Thursday, March 12, 2026

The Unshakable Laughter


An Inspirational Message Reflecting on Psalm 2:4-6

By Russ Hjelm

Rise this morning and remember: the world may roar with its endless conflicts and competing claims to ultimate power, but heaven holds a different perspective. The One who sits enthroned above every storm, every summit of human ambition, every frantic alliance forged in the shadows, looks down upon it all and laughs. Not with scorn that wounds for sport, but with the deep, unshakable joy of perfect certainty. That laughter is not the sound of indifference; it is the sound of sovereignty that has already seen the final chapter written before the first page was turned.

Every scheme that seeks to dethrone the Creator, every declaration that human wisdom or human strength can rewrite the moral order of the universe, every proud assertion that we can break free from the gentle yet unbreakable bonds of divine love and truth—all of it registers in the courts of heaven as fleeting noise against an eternal symphony. The Lord does not scramble to respond. He does not convene councils or issue frantic countermeasures. He holds the proud conspiracies in derision, because he sees what they cannot: their rebellion is not merely wrong; it is impossible. The creature cannot unmake the Creator. The dependent cannot overthrow the self-existent. The temporal cannot erase the eternal. What seems formidable on earth dissolves into comedy in the light of omniscience.

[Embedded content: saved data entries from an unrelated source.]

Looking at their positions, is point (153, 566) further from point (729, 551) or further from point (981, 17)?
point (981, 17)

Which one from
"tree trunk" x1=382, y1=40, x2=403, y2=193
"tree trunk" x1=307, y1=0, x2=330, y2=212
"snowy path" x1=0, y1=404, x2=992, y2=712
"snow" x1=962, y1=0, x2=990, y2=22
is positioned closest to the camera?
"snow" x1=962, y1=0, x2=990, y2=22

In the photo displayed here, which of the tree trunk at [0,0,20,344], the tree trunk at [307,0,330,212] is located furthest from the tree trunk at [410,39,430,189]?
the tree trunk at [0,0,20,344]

Then comes the moment when laughter gives way to speech, and the speech is clothed in wrath. Yet even this wrath is measured, holy, purposeful. It is the righteous refusal of a good God to allow evil to flourish unchecked. It is the necessary fire that guards life itself. The terror it produces is not the aimless dread of chaos but the salutary shock that can awaken sleeping consciences. It is the divine voice saying, “Enough.” And in that word is both judgment and invitation: judgment upon every lie that promises freedom apart from God, and invitation to return before the full weight of consequence falls.

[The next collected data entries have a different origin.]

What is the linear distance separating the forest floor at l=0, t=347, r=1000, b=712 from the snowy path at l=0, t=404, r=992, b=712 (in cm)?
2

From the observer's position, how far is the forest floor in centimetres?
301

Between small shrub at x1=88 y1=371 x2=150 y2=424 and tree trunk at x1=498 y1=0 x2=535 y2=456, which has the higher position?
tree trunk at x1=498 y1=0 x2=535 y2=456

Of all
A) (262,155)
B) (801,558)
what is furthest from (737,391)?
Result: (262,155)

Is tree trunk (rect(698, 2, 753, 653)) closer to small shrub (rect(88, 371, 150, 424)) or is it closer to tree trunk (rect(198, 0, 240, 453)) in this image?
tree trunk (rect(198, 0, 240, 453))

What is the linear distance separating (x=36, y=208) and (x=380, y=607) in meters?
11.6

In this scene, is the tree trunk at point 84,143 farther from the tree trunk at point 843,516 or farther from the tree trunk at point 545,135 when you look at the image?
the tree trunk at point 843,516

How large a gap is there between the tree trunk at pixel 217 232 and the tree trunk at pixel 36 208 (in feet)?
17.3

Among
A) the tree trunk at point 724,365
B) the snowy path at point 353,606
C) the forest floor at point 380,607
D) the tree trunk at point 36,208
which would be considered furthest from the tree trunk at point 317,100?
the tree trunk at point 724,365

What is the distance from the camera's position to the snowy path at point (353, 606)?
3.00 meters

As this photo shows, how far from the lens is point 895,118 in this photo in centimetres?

But the final word is neither laughter nor wrath alone. The final word is declaration. As for me, I have set my King on Zion, my holy hill. Those words fall like granite. They are spoken by the One whose counsel stands forever, whose purposes none can frustrate. The King is already installed. The throne is already occupied. The holy hill stands immovable while empires rise and crumble like autumn leaves. That King is Jesus Christ, the crucified and risen Lord, the Anointed One whose reign is built not on coercion but on unconquerable love, whose scepter is righteousness, whose victory was sealed in an empty tomb.

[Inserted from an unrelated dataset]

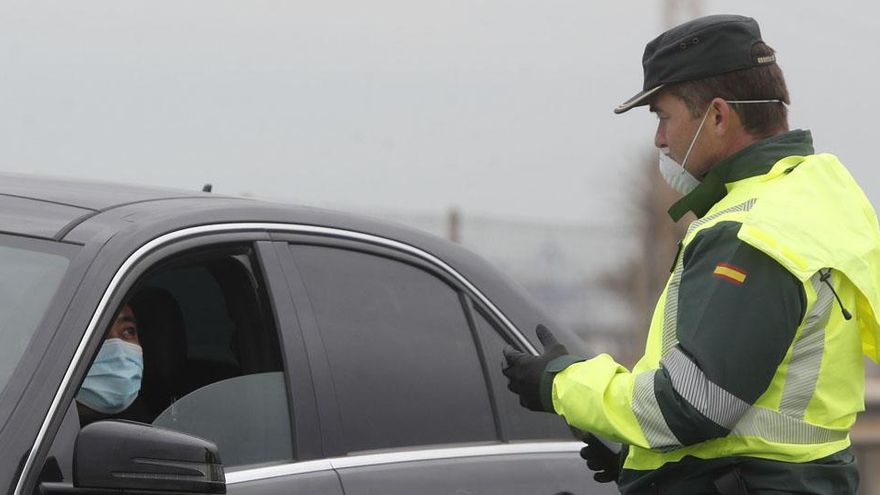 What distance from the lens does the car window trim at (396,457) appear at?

This is the reality that can steady your heart through any season. When the news cycle feels like a chronicle of gathering darkness, when personal circumstances press hard and hope seems thin, when you are tempted to believe that evil is gaining the upper hand, lift your eyes. The laughter still echoes from the throne. The derision still exposes every hollow boast. The wrath still guards the way of justice. And above it all, the decree still stands: the King is set. Nothing—not cultural shifts, not political upheaval, not economic collapse, not private failure—can undo what God has established.

So walk forward today with quiet confidence. You do not need to win the argument for God’s authority; he has already won it. You do not need to defend the throne; it is defended by the One who never loses. You do not need to manufacture hope; hope is anchored in the risen King who reigns right now. Let that truth free you to love without fear, to serve without despair, to speak truth without apology, to forgive without keeping score, to persevere without growing bitter. The nations may rage, but their rage cannot touch what heaven has secured.

In the end, every knee will bow to this King, every tongue will confess his lordship. Until that day, live as one who has heard the laughter and believed the decree. Let it shape your choices, steady your steps, and fill your days with purposeful joy. The throne is not vacant. The King is not defeated. The holy hill stands firm. And because he reigns, you can rise, you can endure, you can shine, you can rest—secure in the laughter that has already declared the victory.